**DATASET CONTENT**
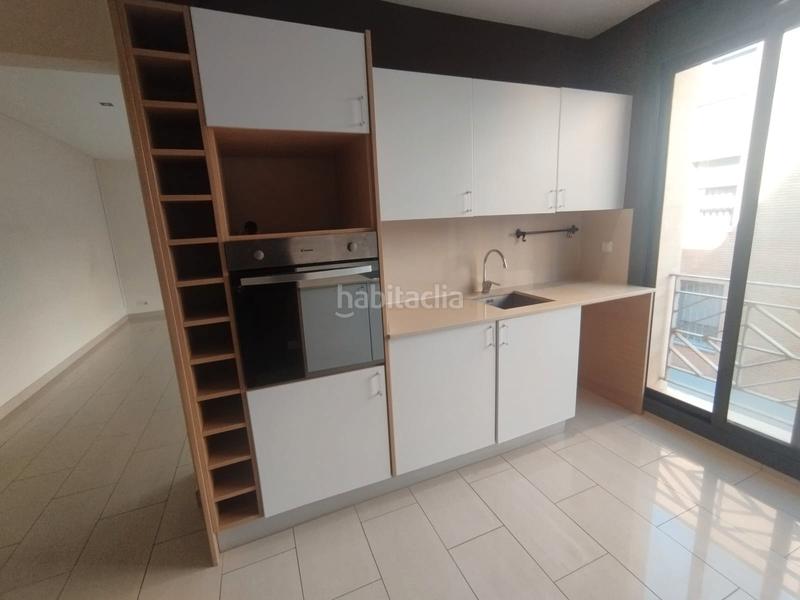 Foto f396c207-e4a8-4af9-b5c9-8672c933d3d4. Appartamento con riscaldamento in Centre Sabadell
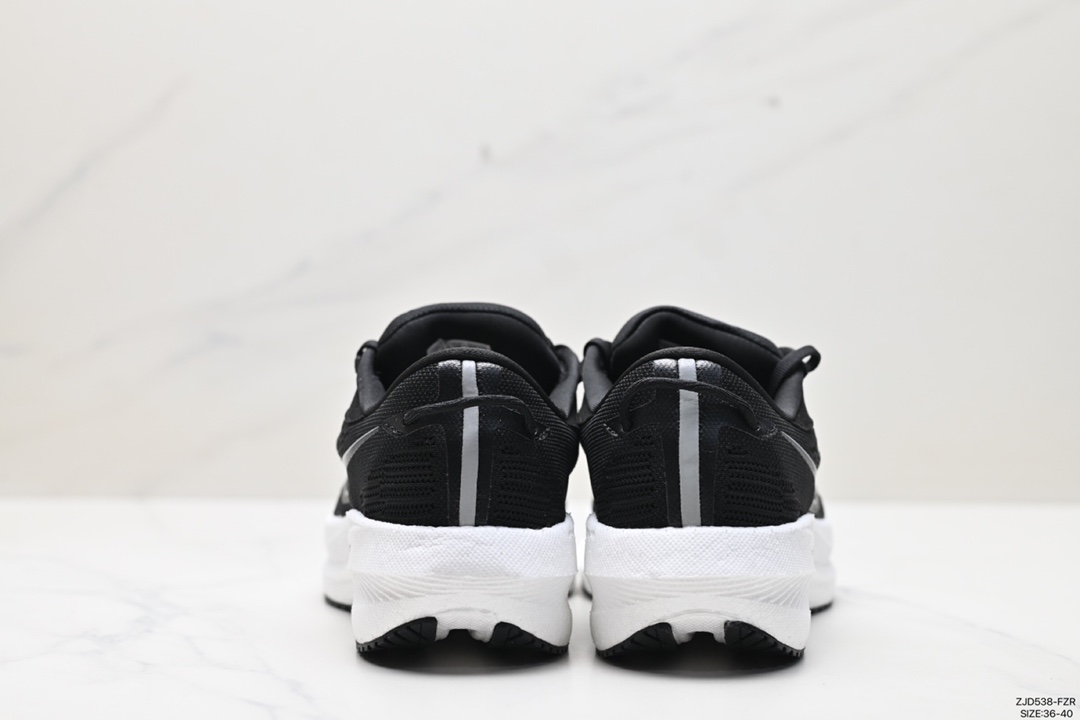 240 Saucony Triumph 20 N索康尼胜利20代旗舰级缓震型跑鞋 S20881-10
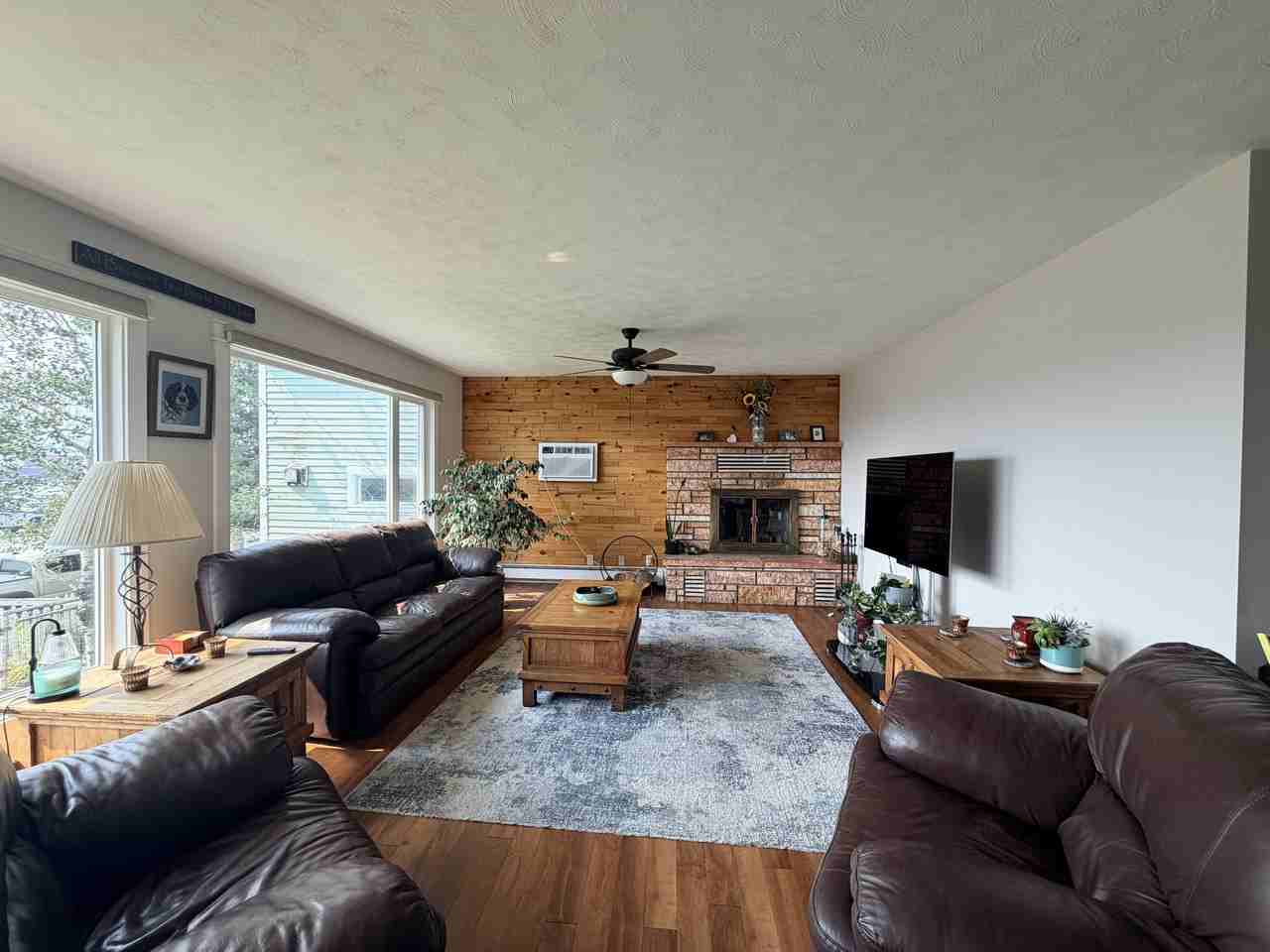 205 E Chinook St #1UP - Photo 5 of 19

**EXERCISE BRIEF**
None of the pictures belong in the copy; transcribe the rest of the data exactly.

**SOLUTION TO THIS EXERCISE**
 Foto f396c207-e4a8-4af9-b5c9-8672c933d3d4. Appartamento con riscaldamento in Centre Sabadell
 240 Saucony Triumph 20 N索康尼胜利20代旗舰级缓震型跑鞋 S20881-10
 205 E Chinook St #1UP - Photo 5 of 19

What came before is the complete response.